[What is needed]: Exactly as they appear, set down all the lines of the material.

Segment Open

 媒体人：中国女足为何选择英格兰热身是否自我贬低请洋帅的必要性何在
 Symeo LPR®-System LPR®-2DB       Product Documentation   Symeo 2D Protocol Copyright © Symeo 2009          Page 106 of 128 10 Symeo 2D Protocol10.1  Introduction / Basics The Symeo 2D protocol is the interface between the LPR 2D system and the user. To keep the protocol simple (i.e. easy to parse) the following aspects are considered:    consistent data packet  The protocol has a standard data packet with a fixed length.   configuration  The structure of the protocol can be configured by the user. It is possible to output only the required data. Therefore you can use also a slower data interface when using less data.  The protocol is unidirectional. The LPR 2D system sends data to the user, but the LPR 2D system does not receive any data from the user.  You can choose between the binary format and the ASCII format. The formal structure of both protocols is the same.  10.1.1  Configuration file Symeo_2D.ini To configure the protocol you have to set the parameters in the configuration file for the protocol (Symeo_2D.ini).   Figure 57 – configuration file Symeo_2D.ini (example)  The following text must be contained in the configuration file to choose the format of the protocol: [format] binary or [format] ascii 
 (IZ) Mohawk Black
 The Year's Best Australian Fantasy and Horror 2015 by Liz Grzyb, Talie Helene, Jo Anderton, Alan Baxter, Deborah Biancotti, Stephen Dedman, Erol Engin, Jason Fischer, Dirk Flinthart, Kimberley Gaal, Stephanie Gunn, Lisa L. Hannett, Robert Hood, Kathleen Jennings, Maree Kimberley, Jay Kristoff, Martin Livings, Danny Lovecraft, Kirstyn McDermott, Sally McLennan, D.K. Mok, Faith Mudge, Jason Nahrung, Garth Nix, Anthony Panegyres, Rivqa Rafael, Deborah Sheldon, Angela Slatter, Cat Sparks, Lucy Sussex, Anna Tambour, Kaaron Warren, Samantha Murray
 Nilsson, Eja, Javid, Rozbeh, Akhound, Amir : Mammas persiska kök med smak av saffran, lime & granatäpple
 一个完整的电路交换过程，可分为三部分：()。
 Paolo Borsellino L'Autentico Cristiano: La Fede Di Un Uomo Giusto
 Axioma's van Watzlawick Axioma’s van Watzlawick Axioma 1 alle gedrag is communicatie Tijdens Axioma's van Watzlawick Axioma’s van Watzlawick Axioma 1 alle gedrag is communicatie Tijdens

Segment Closed

[Exercise output]:
 媒体人：中国女足为何选择英格兰热身是否自我贬低请洋帅的必要性何在
 Symeo LPR®-System LPR®-2DB       Product Documentation   Symeo 2D Protocol Copyright © Symeo 2009          Page 106 of 128 10 Symeo 2D Protocol10.1  Introduction / Basics The Symeo 2D protocol is the interface between the LPR 2D system and the user. To keep the protocol simple (i.e. easy to parse) the following aspects are considered:    consistent data packet  The protocol has a standard data packet with a fixed length.   configuration  The structure of the protocol can be configured by the user. It is possible to output only the required data. Therefore you can use also a slower data interface when using less data.  The protocol is unidirectional. The LPR 2D system sends data to the user, but the LPR 2D system does not receive any data from the user.  You can choose between the binary format and the ASCII format. The formal structure of both protocols is the same.  10.1.1  Configuration file Symeo_2D.ini To configure the protocol you have to set the parameters in the configuration file for the protocol (Symeo_2D.ini).   Figure 57 – configuration file Symeo_2D.ini (example)  The following text must be contained in the configuration file to choose the format of the protocol: [format] binary or [format] ascii 
 (IZ) Mohawk Black
 The Year's Best Australian Fantasy and Horror 2015 by Liz Grzyb, Talie Helene, Jo Anderton, Alan Baxter, Deborah Biancotti, Stephen Dedman, Erol Engin, Jason Fischer, Dirk Flinthart, Kimberley Gaal, Stephanie Gunn, Lisa L. Hannett, Robert Hood, Kathleen Jennings, Maree Kimberley, Jay Kristoff, Martin Livings, Danny Lovecraft, Kirstyn McDermott, Sally McLennan, D.K. Mok, Faith Mudge, Jason Nahrung, Garth Nix, Anthony Panegyres, Rivqa Rafael, Deborah Sheldon, Angela Slatter, Cat Sparks, Lucy Sussex, Anna Tambour, Kaaron Warren, Samantha Murray
 Nilsson, Eja, Javid, Rozbeh, Akhound, Amir : Mammas persiska kök med smak av saffran, lime & granatäpple
 一个完整的电路交换过程，可分为三部分：()。
 Paolo Borsellino L'Autentico Cristiano: La Fede Di Un Uomo Giusto
 Axioma's van Watzlawick Axioma’s van Watzlawick Axioma 1 alle gedrag is communicatie Tijdens Axioma's van Watzlawick Axioma’s van Watzlawick Axioma 1 alle gedrag is communicatie Tijdens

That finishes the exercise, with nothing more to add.